SOURCE MATERIAL: Begin
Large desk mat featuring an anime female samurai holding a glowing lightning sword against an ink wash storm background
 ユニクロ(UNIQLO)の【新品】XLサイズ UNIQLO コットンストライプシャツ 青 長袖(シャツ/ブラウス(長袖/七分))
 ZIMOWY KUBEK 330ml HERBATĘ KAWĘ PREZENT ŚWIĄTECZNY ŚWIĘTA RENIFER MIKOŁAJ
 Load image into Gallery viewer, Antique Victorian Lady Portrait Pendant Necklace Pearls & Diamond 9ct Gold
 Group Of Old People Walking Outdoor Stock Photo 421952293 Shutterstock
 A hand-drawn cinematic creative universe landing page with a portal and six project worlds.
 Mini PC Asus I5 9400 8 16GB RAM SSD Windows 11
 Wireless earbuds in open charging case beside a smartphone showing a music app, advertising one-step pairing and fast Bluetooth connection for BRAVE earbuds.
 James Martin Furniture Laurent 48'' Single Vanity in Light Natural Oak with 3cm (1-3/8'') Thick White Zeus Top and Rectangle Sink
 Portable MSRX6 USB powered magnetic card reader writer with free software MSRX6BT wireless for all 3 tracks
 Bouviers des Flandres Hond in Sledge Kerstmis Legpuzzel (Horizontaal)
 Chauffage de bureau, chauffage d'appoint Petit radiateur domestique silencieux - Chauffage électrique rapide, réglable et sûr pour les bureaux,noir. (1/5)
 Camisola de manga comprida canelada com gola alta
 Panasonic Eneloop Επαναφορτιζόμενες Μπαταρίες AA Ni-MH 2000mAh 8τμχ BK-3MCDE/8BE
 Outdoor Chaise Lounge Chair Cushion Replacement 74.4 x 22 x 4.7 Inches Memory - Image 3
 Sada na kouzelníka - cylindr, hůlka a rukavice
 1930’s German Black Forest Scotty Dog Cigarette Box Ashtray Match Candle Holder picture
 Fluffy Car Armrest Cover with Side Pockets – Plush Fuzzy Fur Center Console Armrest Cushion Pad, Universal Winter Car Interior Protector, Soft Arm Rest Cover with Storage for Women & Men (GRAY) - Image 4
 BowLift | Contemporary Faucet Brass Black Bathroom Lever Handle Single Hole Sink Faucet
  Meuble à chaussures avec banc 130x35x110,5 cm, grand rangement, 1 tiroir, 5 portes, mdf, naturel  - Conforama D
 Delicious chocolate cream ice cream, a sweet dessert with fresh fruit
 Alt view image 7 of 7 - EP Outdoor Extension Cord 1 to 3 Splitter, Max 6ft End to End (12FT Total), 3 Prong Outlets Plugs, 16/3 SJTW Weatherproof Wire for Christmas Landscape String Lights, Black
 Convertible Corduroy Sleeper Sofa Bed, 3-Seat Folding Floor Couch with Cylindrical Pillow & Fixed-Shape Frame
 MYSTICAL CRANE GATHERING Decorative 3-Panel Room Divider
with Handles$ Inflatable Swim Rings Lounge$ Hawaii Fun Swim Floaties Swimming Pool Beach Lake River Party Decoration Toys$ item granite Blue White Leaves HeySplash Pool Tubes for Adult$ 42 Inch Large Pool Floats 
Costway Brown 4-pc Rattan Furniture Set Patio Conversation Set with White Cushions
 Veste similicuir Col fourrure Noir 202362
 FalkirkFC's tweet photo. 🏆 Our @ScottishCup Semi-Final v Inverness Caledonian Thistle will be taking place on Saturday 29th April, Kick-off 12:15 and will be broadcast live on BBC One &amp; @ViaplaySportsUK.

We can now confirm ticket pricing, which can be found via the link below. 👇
SOURCE MATERIAL: End
EXERCISE: Above this instruction are the records; retype exactly the lines from the one containing "Group Of Old" up to and including the one containing "Delicious chocolate cream".

RESULT FOR THIS EXERCISE:
 Group Of Old People Walking Outdoor Stock Photo 421952293 Shutterstock
 A hand-drawn cinematic creative universe landing page with a portal and six project worlds.
 Mini PC Asus I5 9400 8 16GB RAM SSD Windows 11
 Wireless earbuds in open charging case beside a smartphone showing a music app, advertising one-step pairing and fast Bluetooth connection for BRAVE earbuds.
 James Martin Furniture Laurent 48'' Single Vanity in Light Natural Oak with 3cm (1-3/8'') Thick White Zeus Top and Rectangle Sink
 Portable MSRX6 USB powered magnetic card reader writer with free software MSRX6BT wireless for all 3 tracks
 Bouviers des Flandres Hond in Sledge Kerstmis Legpuzzel (Horizontaal)
 Chauffage de bureau, chauffage d'appoint Petit radiateur domestique silencieux - Chauffage électrique rapide, réglable et sûr pour les bureaux,noir. (1/5)
 Camisola de manga comprida canelada com gola alta
 Panasonic Eneloop Επαναφορτιζόμενες Μπαταρίες AA Ni-MH 2000mAh 8τμχ BK-3MCDE/8BE
 Outdoor Chaise Lounge Chair Cushion Replacement 74.4 x 22 x 4.7 Inches Memory - Image 3
 Sada na kouzelníka - cylindr, hůlka a rukavice
 1930’s German Black Forest Scotty Dog Cigarette Box Ashtray Match Candle Holder picture
 Fluffy Car Armrest Cover with Side Pockets – Plush Fuzzy Fur Center Console Armrest Cushion Pad, Universal Winter Car Interior Protector, Soft Arm Rest Cover with Storage for Women & Men (GRAY) - Image 4
 BowLift | Contemporary Faucet Brass Black Bathroom Lever Handle Single Hole Sink Faucet
  Meuble à chaussures avec banc 130x35x110,5 cm, grand rangement, 1 tiroir, 5 portes, mdf, naturel  - Conforama D
 Delicious chocolate cream ice cream, a sweet dessert with fresh fruit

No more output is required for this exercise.